● Assignment:
From the records below, extract all the text exactly and leave the images behind.
- - - - - - -
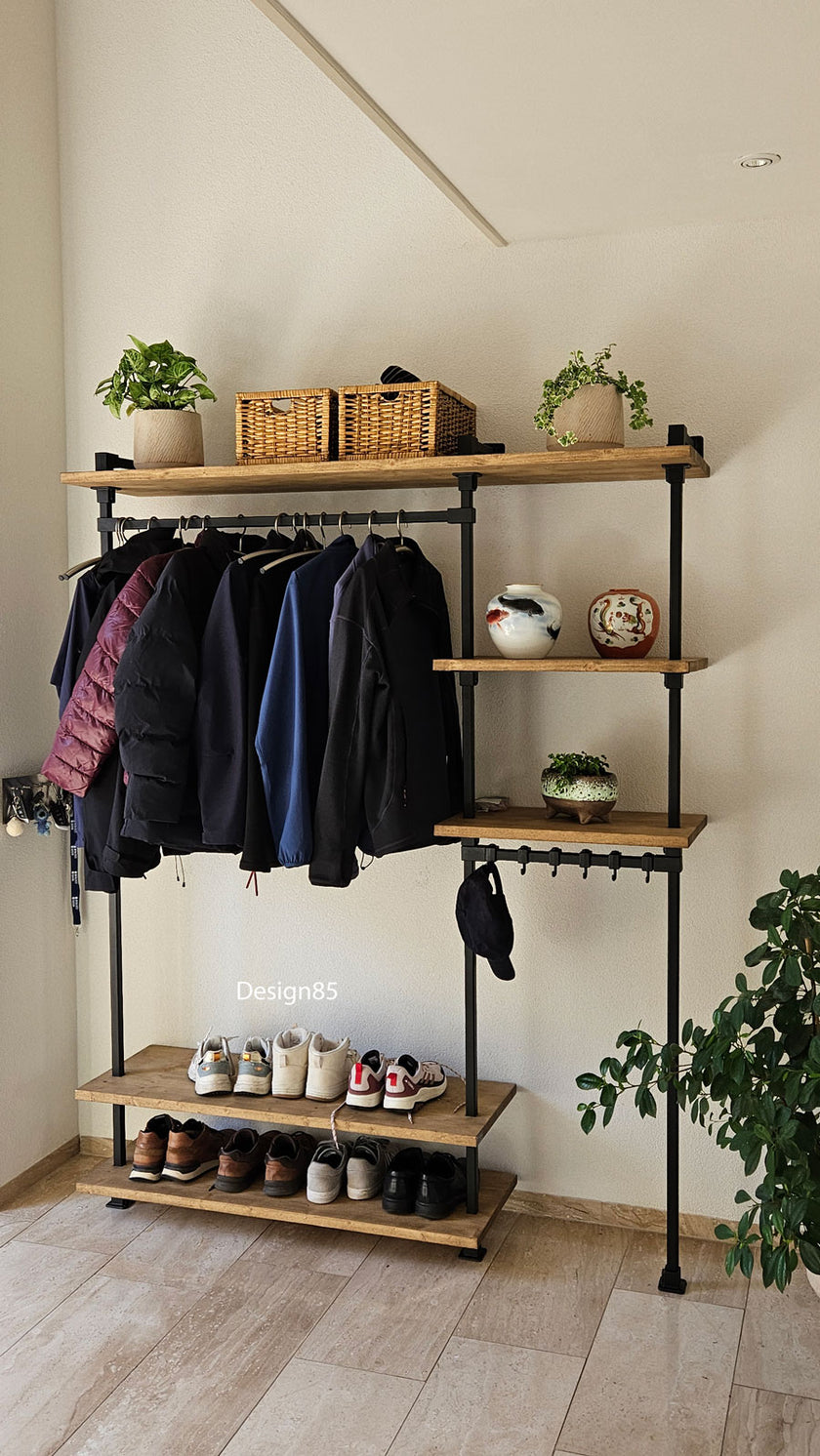 Industriële kapstok Glans met zwart metalen frame, houten planken en ruime opbergruimte voor jassen en schoenen.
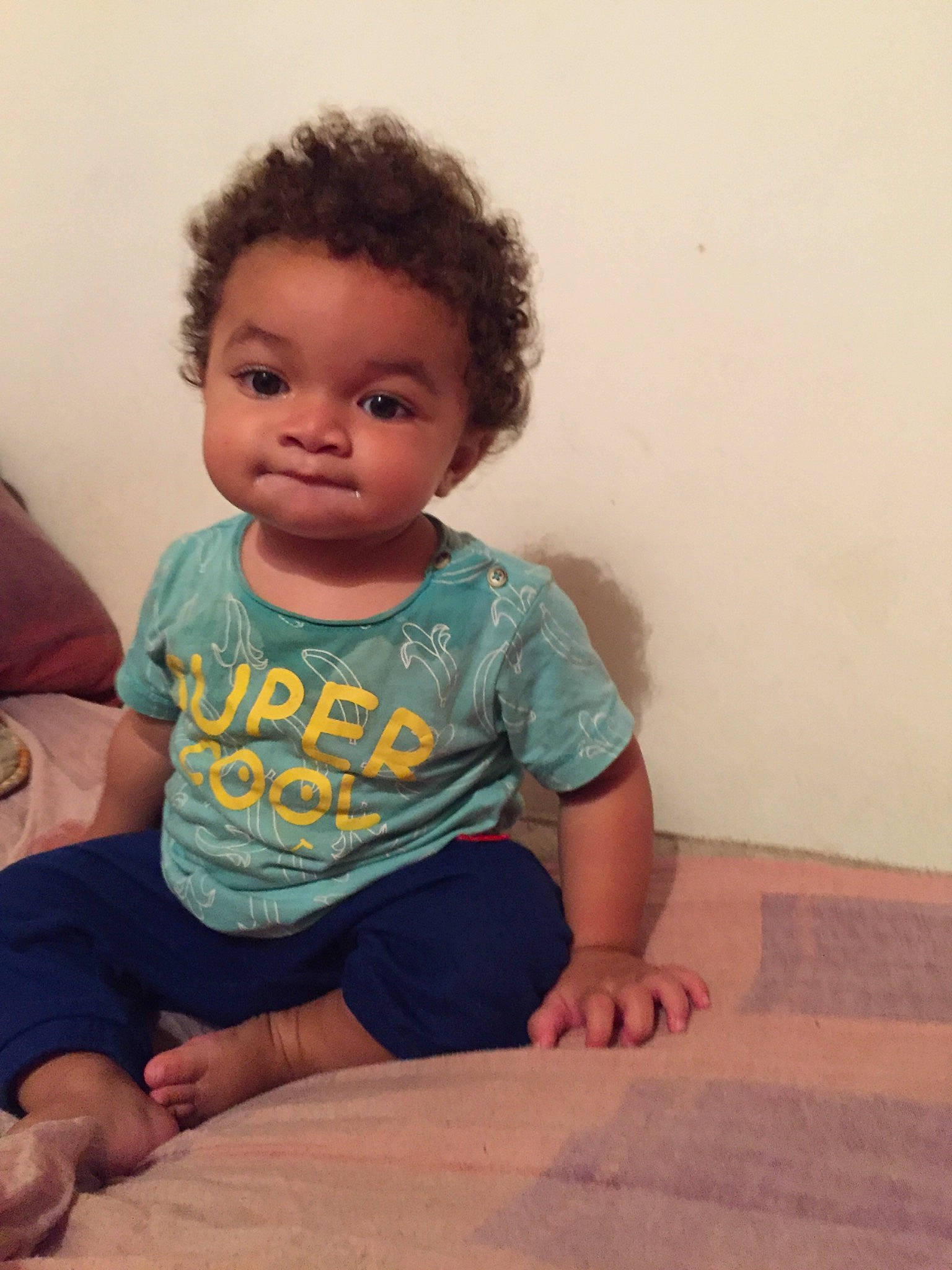 Wesley a rejoint le concours — aidez-le/la à gagner de superbes lots ! arm, baby_toddler_clothing, cheek, chin, facial_expression, forehead, happy, iris, joint, lip, mouth, neck, nose, person, shoulder, skin, sleeve, smile, t_shirt, toddler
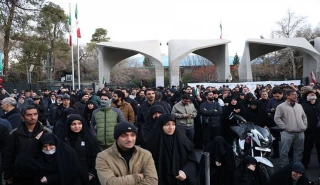 حداد وطني بميدان انقلاب وسط طهران اثر إعلان استشهاد قائد الثورة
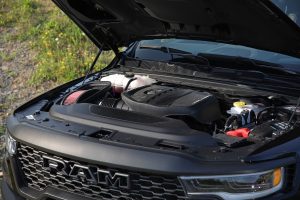 KW Auto Ram 1500 RHO US-Car Pick-up Truck Hochleistungs-Version Test Hurricane Biturbo Reihensechszylinder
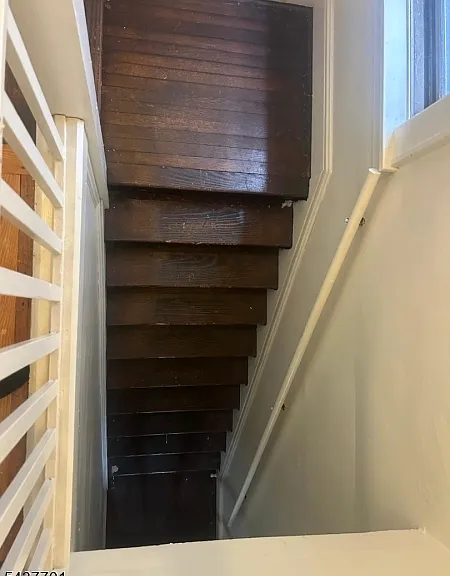 722 Jersey Ave — Photo 2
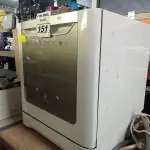 LOTE 151 - 01 LAVA LOUÇAS MARCA ELECTROLUX. (NO ESTADO) ATENÇÃO! FAZER A VISITAÇÃO ANTES DE ARREMATAR, NÃO SABEMOS SE FUNCIONA. LEILÃO NÃO TEM GARANTIA E NEM DEVOLUÇÃO, SUJEITO A POSSÍVEIS AVARIAS VISÍVEIS/OCULTAS E/OU AUSÊNCIA DE COMPONENTES.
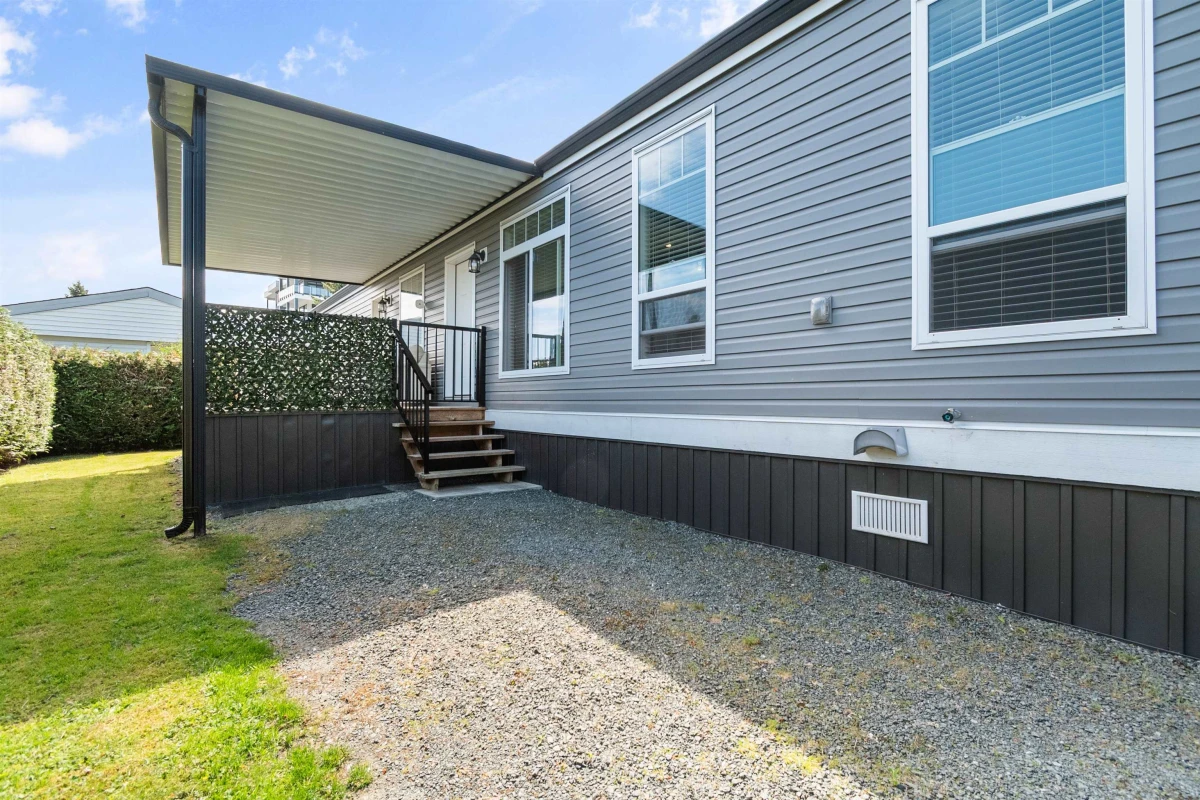 Family Room Photo of 25 6035 Vedder Road, Chilliwack, BC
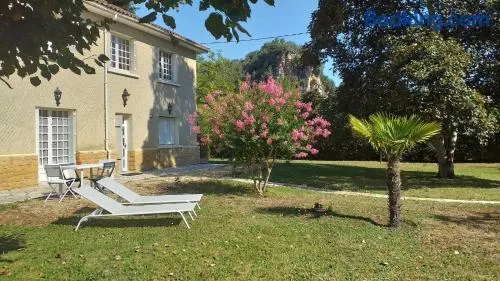 Gîte près de Sarlat avec jardin et salon de massages - Image 1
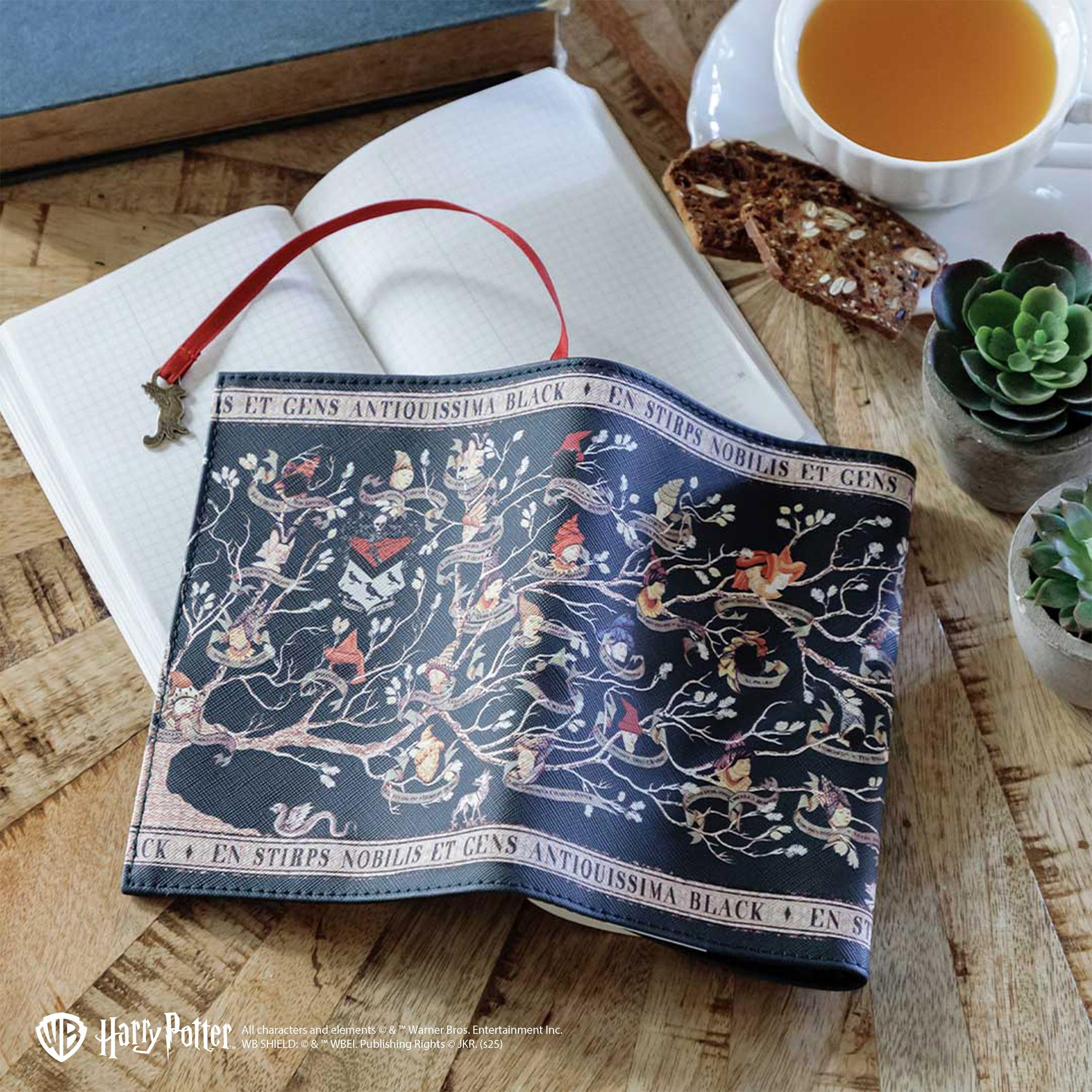 Black House Series書套 $250:印有完整布萊克家族家譜,並附有野獸形狀的金屬吊飾作書籤。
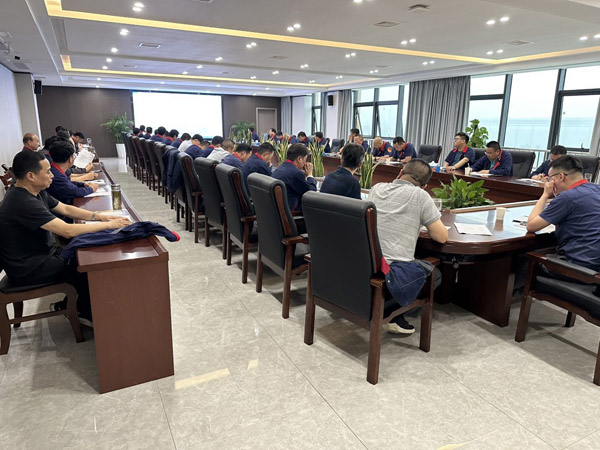 公司召開安全、環(huán)保、職業(yè)衛(wèi)生工作會(huì)議 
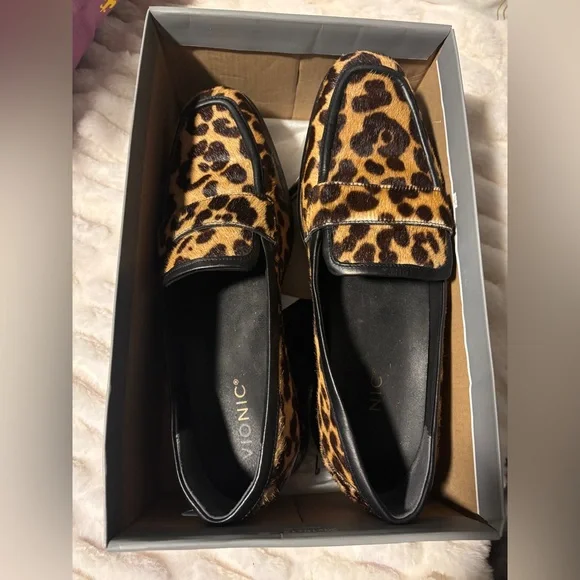 Vionic Leopard and Black Loafers - Picture 5 of 7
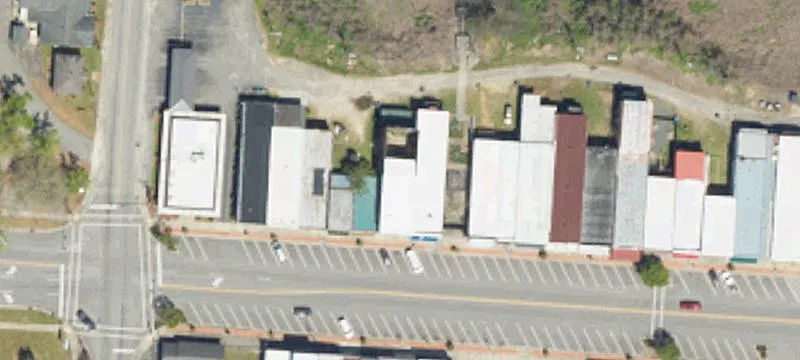 152 Main St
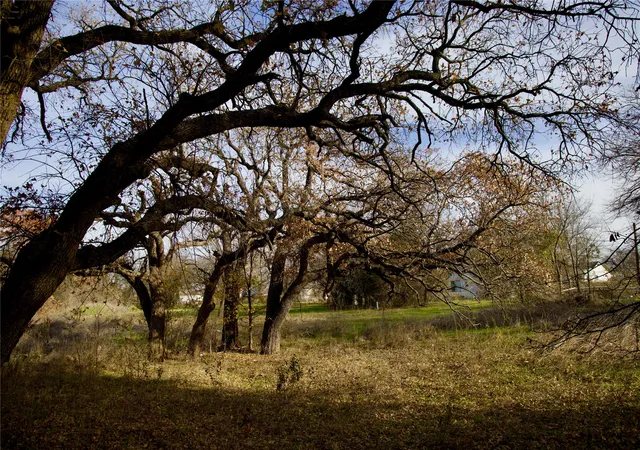 Photo 4 of Land for sale at 111 N Stadium Dr, Alvord, TX 76225 | MLS# 21387312 | Listing updated on 2026-09-16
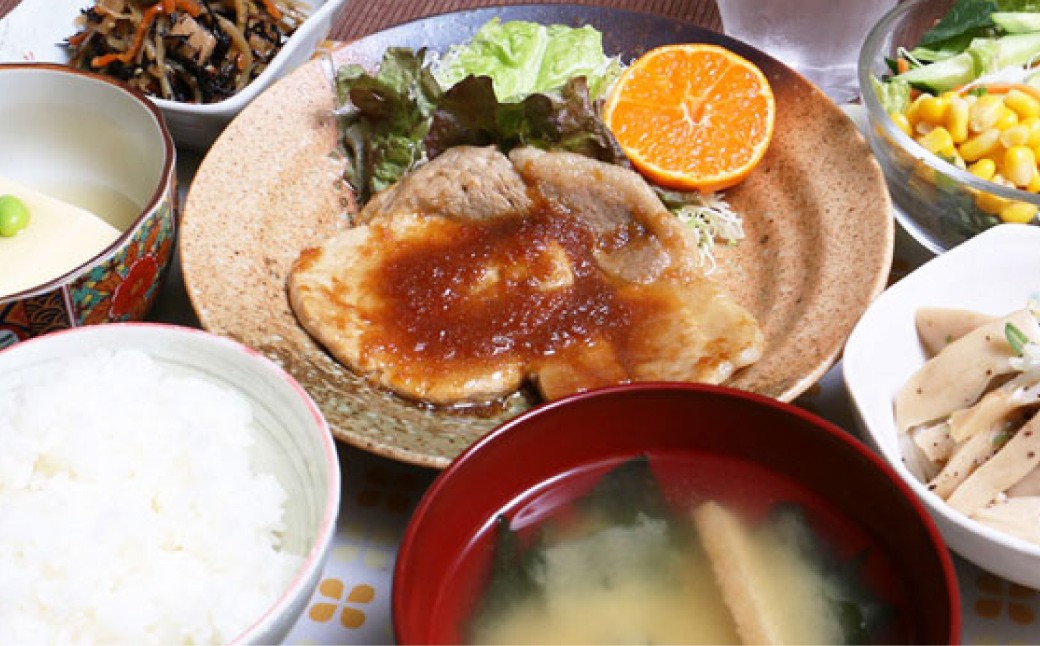 【2名様】 エゾリス君の宿カンタベリー（1泊2食付） 宿泊券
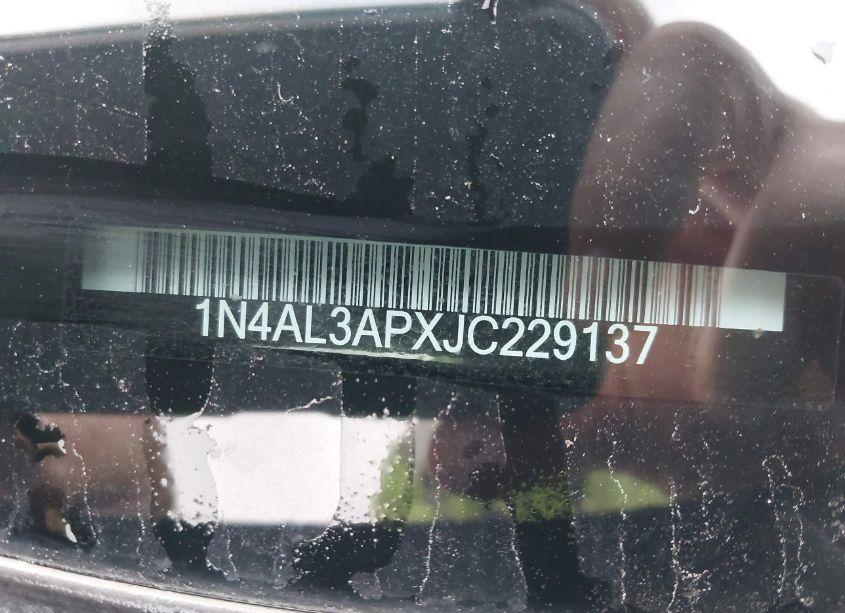 Photo 9 of 2018 Nissan Altima 2.5 SR (VIN 1N4AL3APXJC229137)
- - - - - - -
● Response:
 Industriële kapstok Glans met zwart metalen frame, houten planken en ruime opbergruimte voor jassen en schoenen.
 Wesley a rejoint le concours — aidez-le/la à gagner de superbes lots ! arm, baby_toddler_clothing, cheek, chin, facial_expression, forehead, happy, iris, joint, lip, mouth, neck, nose, person, shoulder, skin, sleeve, smile, t_shirt, toddler
 حداد وطني بميدان انقلاب وسط طهران اثر إعلان استشهاد قائد الثورة
 KW Auto Ram 1500 RHO US-Car Pick-up Truck Hochleistungs-Version Test Hurricane Biturbo Reihensechszylinder
 722 Jersey Ave — Photo 2
 LOTE 151 - 01 LAVA LOUÇAS MARCA ELECTROLUX. (NO ESTADO) ATENÇÃO! FAZER A VISITAÇÃO ANTES DE ARREMATAR, NÃO SABEMOS SE FUNCIONA. LEILÃO NÃO TEM GARANTIA E NEM DEVOLUÇÃO, SUJEITO A POSSÍVEIS AVARIAS VISÍVEIS/OCULTAS E/OU AUSÊNCIA DE COMPONENTES.
 Family Room Photo of 25 6035 Vedder Road, Chilliwack, BC
 Gîte près de Sarlat avec jardin et salon de massages - Image 1
 Black House Series書套 $250:印有完整布萊克家族家譜,並附有野獸形狀的金屬吊飾作書籤。
 公司召開安全、環(huán)保、職業(yè)衛(wèi)生工作會(huì)議 
 Vionic Leopard and Black Loafers - Picture 5 of 7
 152 Main St
 Photo 4 of Land for sale at 111 N Stadium Dr, Alvord, TX 76225 | MLS# 21387312 | Listing updated on 2026-09-16
 【2名様】 エゾリス君の宿カンタベリー（1泊2食付） 宿泊券
 Photo 9 of 2018 Nissan Altima 2.5 SR (VIN 1N4AL3APXJC229137)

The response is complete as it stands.